Here are some vision statements from organizations you might be familiar with:

The Hunger Project – to see every person lead a healthy life of self-reliance and dignity
CARE – to achieve an end to poverty
ASPCA – to see the US be a place where all animals are treated with respect and kindness
Habitat for Humanity – to have a world where everyone has a decent place to live

Profound vision statements are not limited to “do-good” organizations. Plenty of for-profit businesses also have aspirational vision statements.

Amazon – to be earth’s most customer-centric company
Cold Stone Creamery – to be the ultimate ice cream experience
Disney – to make people happy
Google – to make the world’s information universally accessible and useful
Harley Davidson – to fulfill dreams through the experiences of motorcycling
IKEA – create a better everyday life for many people
TESLA – accelerate the world’s transition to sustainable energy.

Here’s a clue that you have a good vision statement: If you would be hard pressed to define the exact conditions under which the vision would actually be achieved, or if it even seems unattainable but you still wish it would come to fruition somehow, congratulations! It is truly aspirational. You’ve then got your career vision statement.

“That’s fine for companies and organizations, but how do I create a vision statement for myself?”

This is where you need to do some brainstorming, meditation, or journaling. For example, ask the following questions, and see what comes up for you.

  • Have you felt compelled to act in a job situation in a certain way, despite the culture or the “standard” way of doing things being the opposite?
  • Do you have activities, hobbies, or interests that you really love spending time on outside of work? What is it exactly about those outside activities that is fulfilling? Do you find those qualities in jobs you’ve enjoyed or not?
  • Is there a problem or concern in your industry that you would love to see solved once and for all?

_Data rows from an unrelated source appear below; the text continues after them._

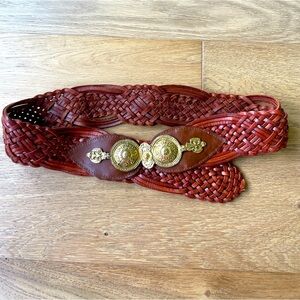 White elephant woven leather belt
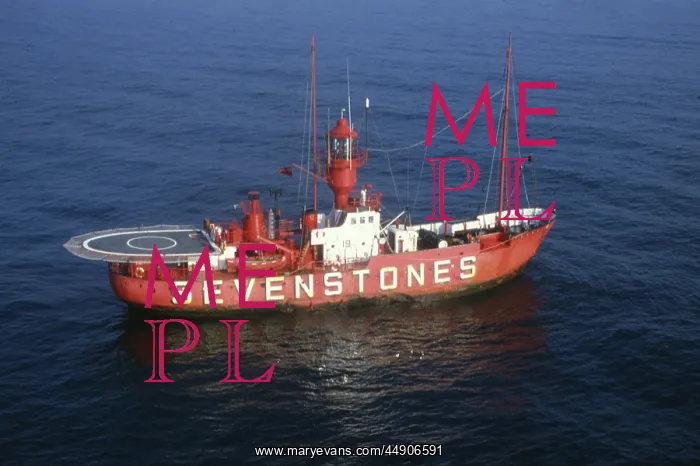: Sevenstones lightship at sea, Cornwall : Sevenstones lightship at sea, Cornwall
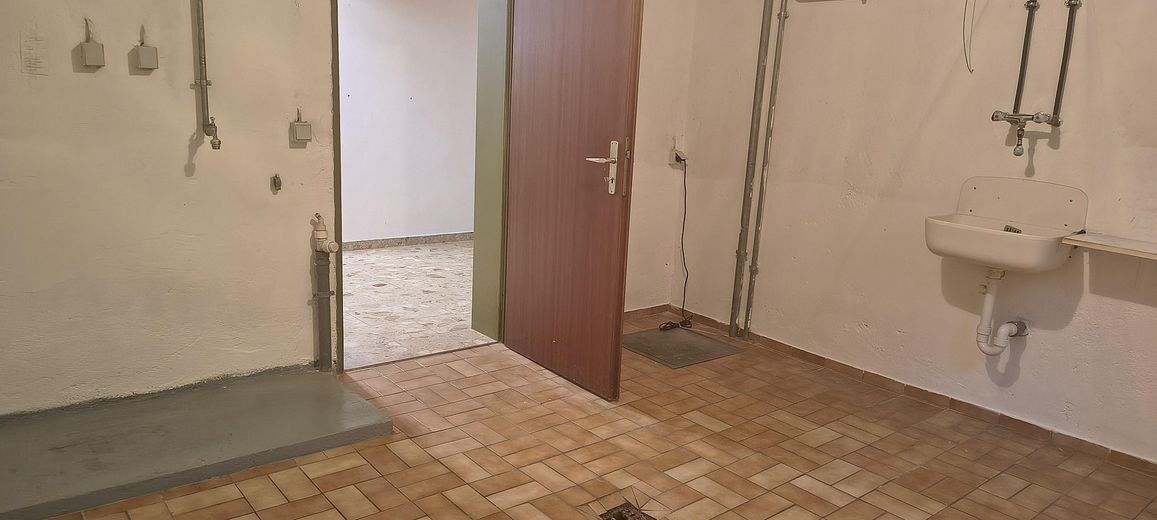 Bliźniak w Olching, ok. 283 m² pow. działki, ok. 155 m² pow. mieszkalnej, w najlepszej lokalizacji, bez prowizji, od osoby prywatnej – Waschküche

There may be other questions to ask, however. But you must dig deep to get to a core motivator for you to act in your career.

When you find the root of your motivations, you can create a career vision which serves as your “professional North Star.”

Here are some examples of career vision statements that I have helped others create for themselves.

My personal career vision is to…

  • Ensure that every woman has a real chance at performing at all levels of leadership.
  • Always be in a truly safe and diverse space for everyone to come and do their best work.
  • See that every person has the communication skills to diplomatically articulate exactly what they want to be able to say.
  • Make sure work is always a thing that I do, and never a thing that I am.
  • Be forever working on the most absolutely cutting-edge new technology.
  • Create a way for workplaces everywhere to prioritize people over profits.

What profound statements! How can one little person ever realize such incredible outcomes? The reality is, one person can’t. However, their career vision statements will drive them to craft their careers and decision-making always toward the realization of that vision.